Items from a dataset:
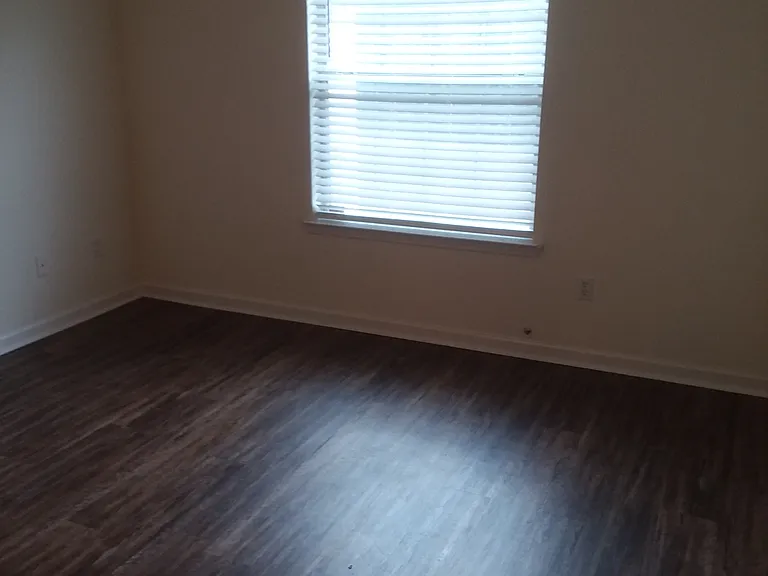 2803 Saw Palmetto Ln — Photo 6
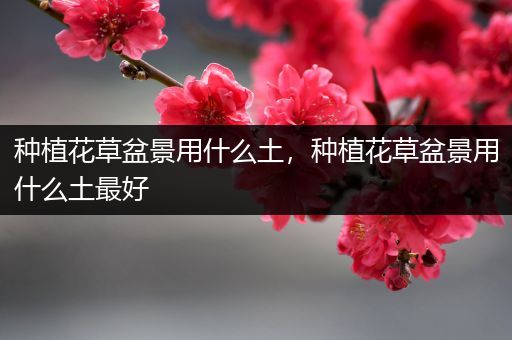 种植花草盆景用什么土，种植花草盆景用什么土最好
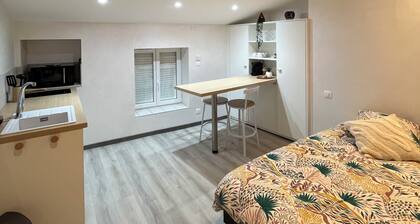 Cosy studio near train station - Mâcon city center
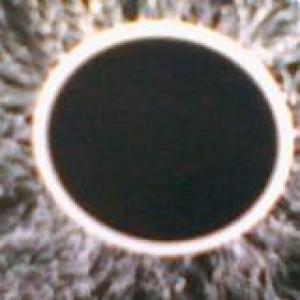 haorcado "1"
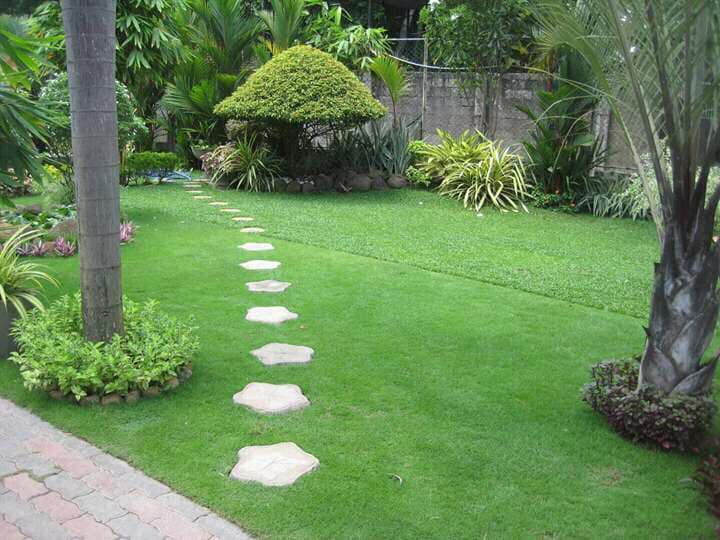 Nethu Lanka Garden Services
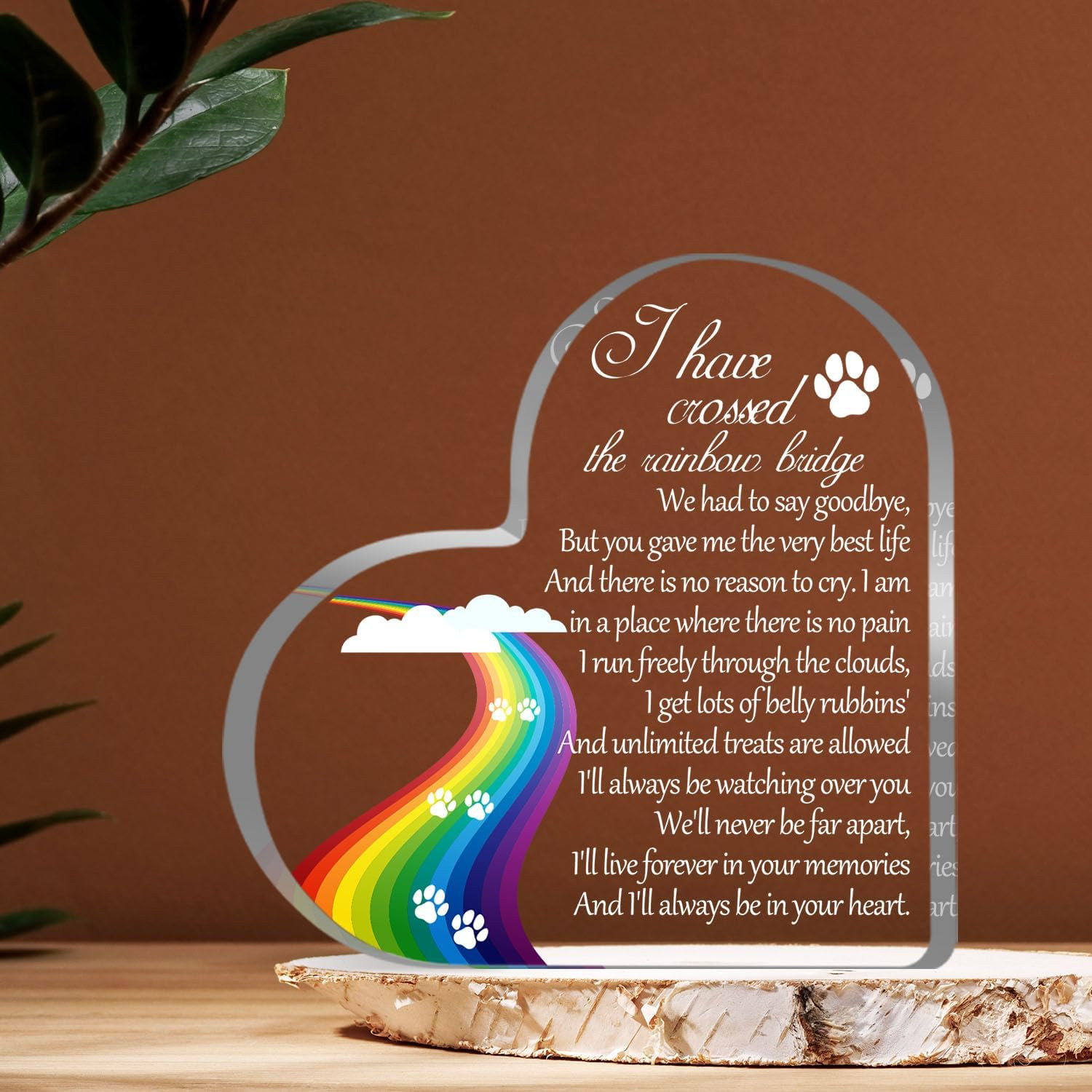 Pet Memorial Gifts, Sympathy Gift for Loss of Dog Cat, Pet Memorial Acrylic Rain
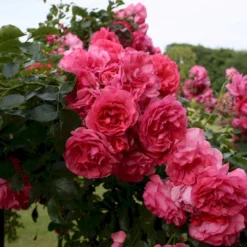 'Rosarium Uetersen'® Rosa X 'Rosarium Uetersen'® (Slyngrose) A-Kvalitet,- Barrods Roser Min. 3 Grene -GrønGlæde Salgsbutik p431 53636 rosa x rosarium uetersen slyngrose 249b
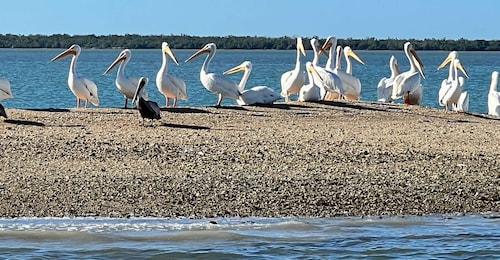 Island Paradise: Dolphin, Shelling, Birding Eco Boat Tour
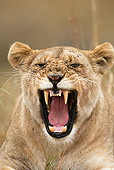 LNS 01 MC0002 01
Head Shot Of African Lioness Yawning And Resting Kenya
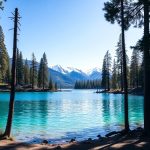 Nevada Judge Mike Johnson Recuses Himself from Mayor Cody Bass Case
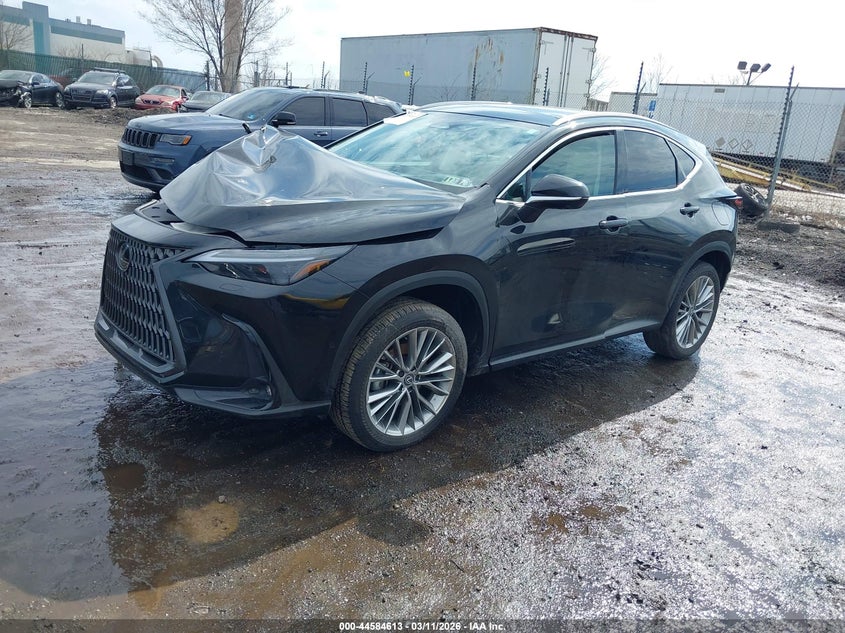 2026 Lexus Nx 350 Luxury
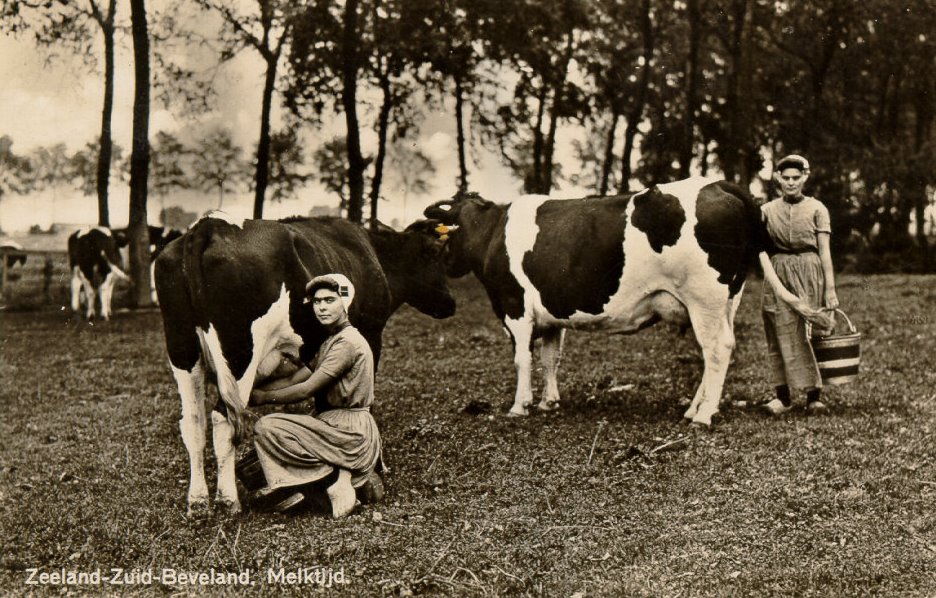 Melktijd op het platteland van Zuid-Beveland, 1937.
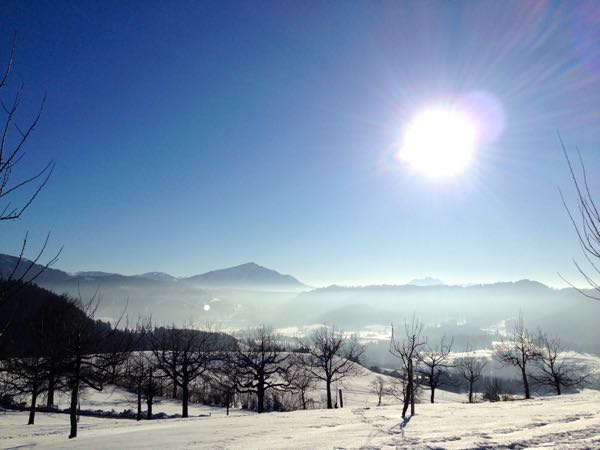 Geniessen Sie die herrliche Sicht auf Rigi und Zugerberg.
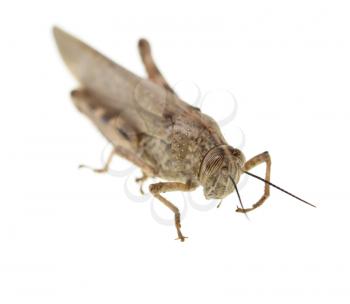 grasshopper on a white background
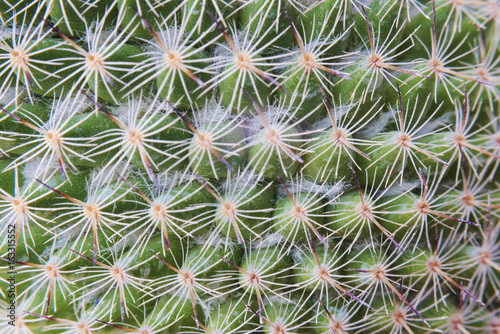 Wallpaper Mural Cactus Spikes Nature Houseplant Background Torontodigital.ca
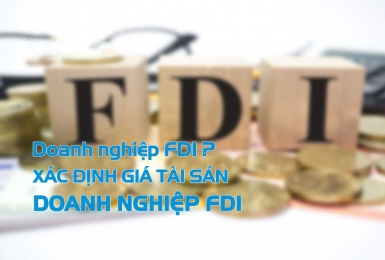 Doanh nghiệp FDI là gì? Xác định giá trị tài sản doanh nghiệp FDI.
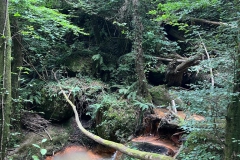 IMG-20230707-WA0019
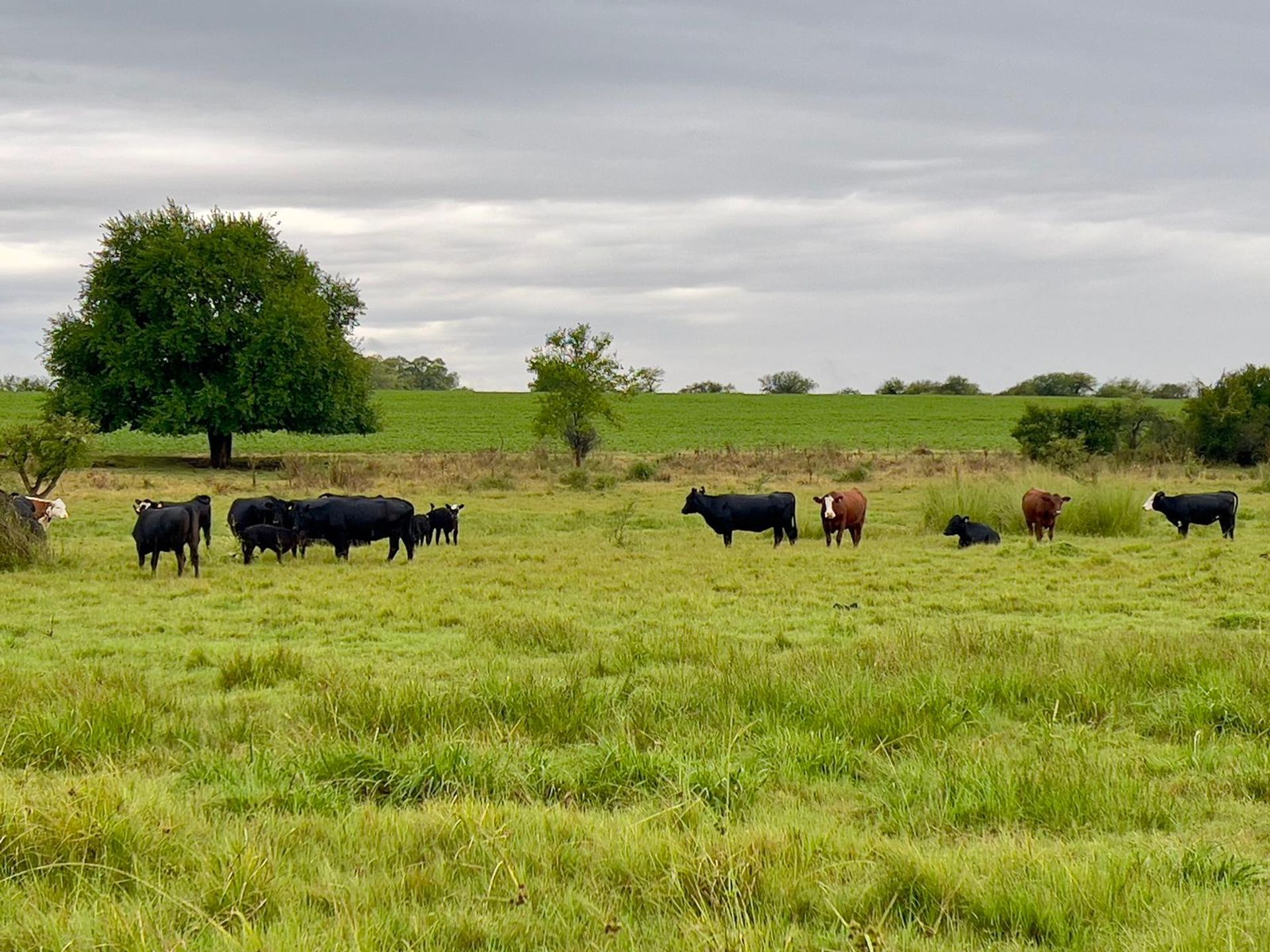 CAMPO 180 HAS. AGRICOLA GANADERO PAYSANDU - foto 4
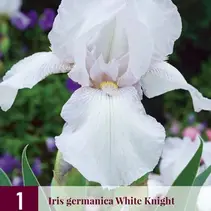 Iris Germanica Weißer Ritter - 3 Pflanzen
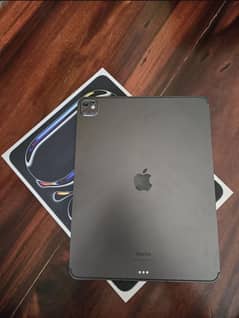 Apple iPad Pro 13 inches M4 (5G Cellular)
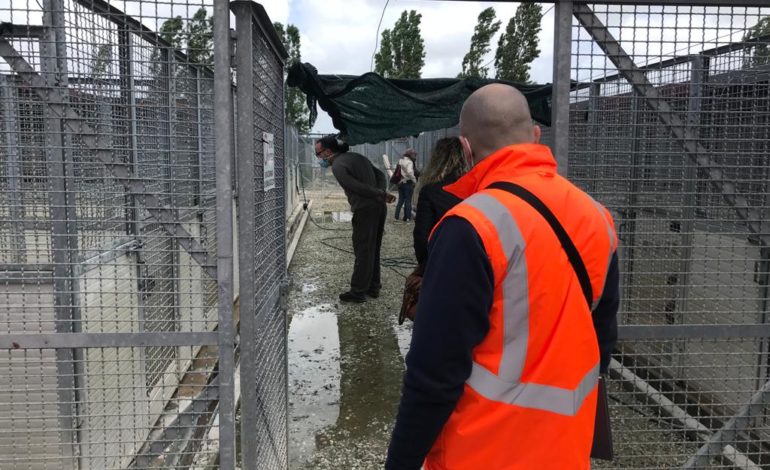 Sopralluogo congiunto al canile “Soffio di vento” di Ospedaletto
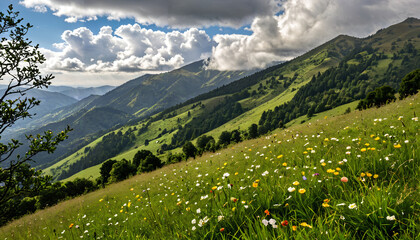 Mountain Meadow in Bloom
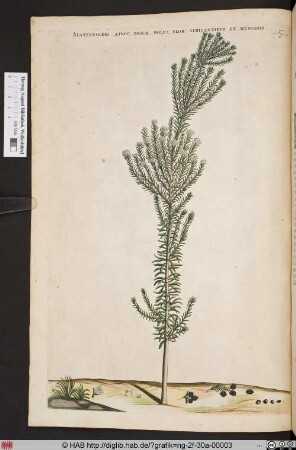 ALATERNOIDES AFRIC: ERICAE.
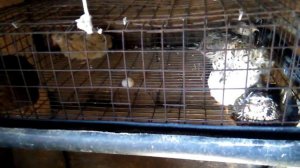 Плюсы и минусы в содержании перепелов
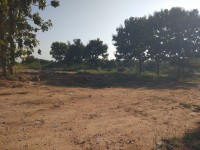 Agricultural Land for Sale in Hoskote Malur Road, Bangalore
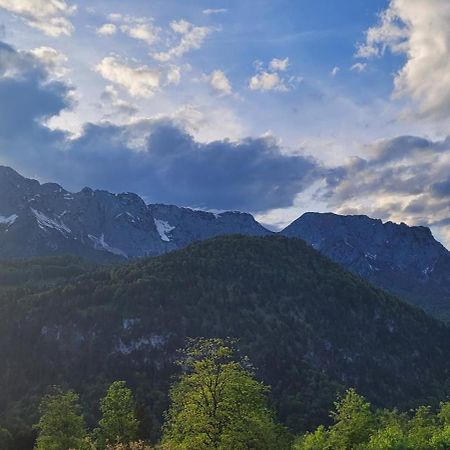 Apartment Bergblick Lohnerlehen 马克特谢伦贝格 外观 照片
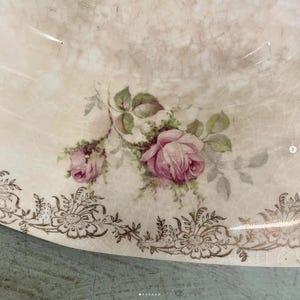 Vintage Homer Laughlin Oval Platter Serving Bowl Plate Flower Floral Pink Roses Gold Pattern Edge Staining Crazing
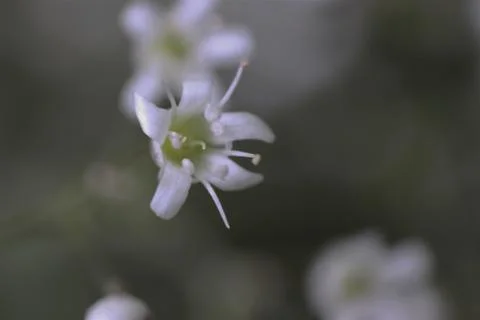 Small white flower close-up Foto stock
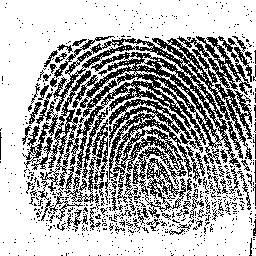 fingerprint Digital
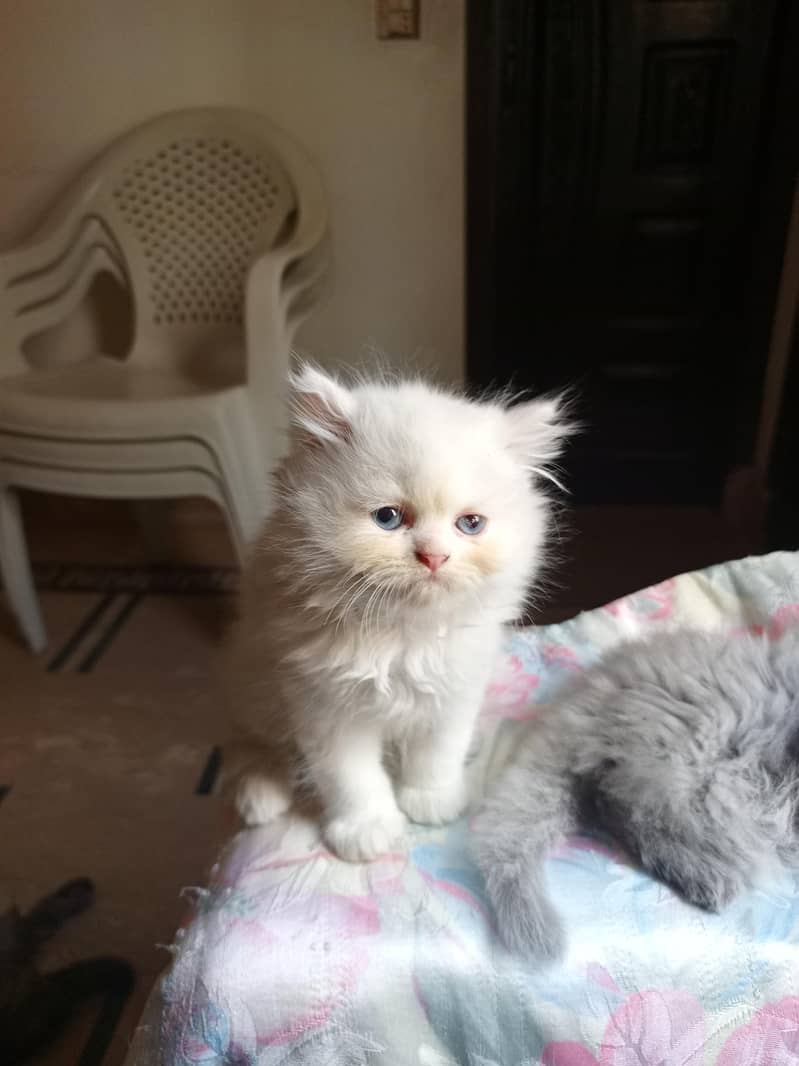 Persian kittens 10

**Task requirements**.
Would you return the records exactly, keeping out every picture?

**Answer to the exercise**.
 2803 Saw Palmetto Ln — Photo 6
 种植花草盆景用什么土，种植花草盆景用什么土最好
 Cosy studio near train station - Mâcon city center
 haorcado "1"
 Nethu Lanka Garden Services
 Pet Memorial Gifts, Sympathy Gift for Loss of Dog Cat, Pet Memorial Acrylic Rain
 'Rosarium Uetersen'® Rosa X 'Rosarium Uetersen'® (Slyngrose) A-Kvalitet,- Barrods Roser Min. 3 Grene -GrønGlæde Salgsbutik p431 53636 rosa x rosarium uetersen slyngrose 249b
 Island Paradise: Dolphin, Shelling, Birding Eco Boat Tour
 LNS 01 MC0002 01
Head Shot Of African Lioness Yawning And Resting Kenya
 Nevada Judge Mike Johnson Recuses Himself from Mayor Cody Bass Case
 2026 Lexus Nx 350 Luxury
 Melktijd op het platteland van Zuid-Beveland, 1937.
 Geniessen Sie die herrliche Sicht auf Rigi und Zugerberg.
 grasshopper on a white background
 Wallpaper Mural Cactus Spikes Nature Houseplant Background Torontodigital.ca
 Doanh nghiệp FDI là gì? Xác định giá trị tài sản doanh nghiệp FDI.
 IMG-20230707-WA0019
 CAMPO 180 HAS. AGRICOLA GANADERO PAYSANDU - foto 4
 Iris Germanica Weißer Ritter - 3 Pflanzen
 Apple iPad Pro 13 inches M4 (5G Cellular)
 Sopralluogo congiunto al canile “Soffio di vento” di Ospedaletto
 Mountain Meadow in Bloom
 ALATERNOIDES AFRIC: ERICAE.
 Плюсы и минусы в содержании перепелов
 Agricultural Land for Sale in Hoskote Malur Road, Bangalore
 Apartment Bergblick Lohnerlehen 马克特谢伦贝格 外观 照片
 Vintage Homer Laughlin Oval Platter Serving Bowl Plate Flower Floral Pink Roses Gold Pattern Edge Staining Crazing
 Small white flower close-up Foto stock
 fingerprint Digital
 Persian kittens 10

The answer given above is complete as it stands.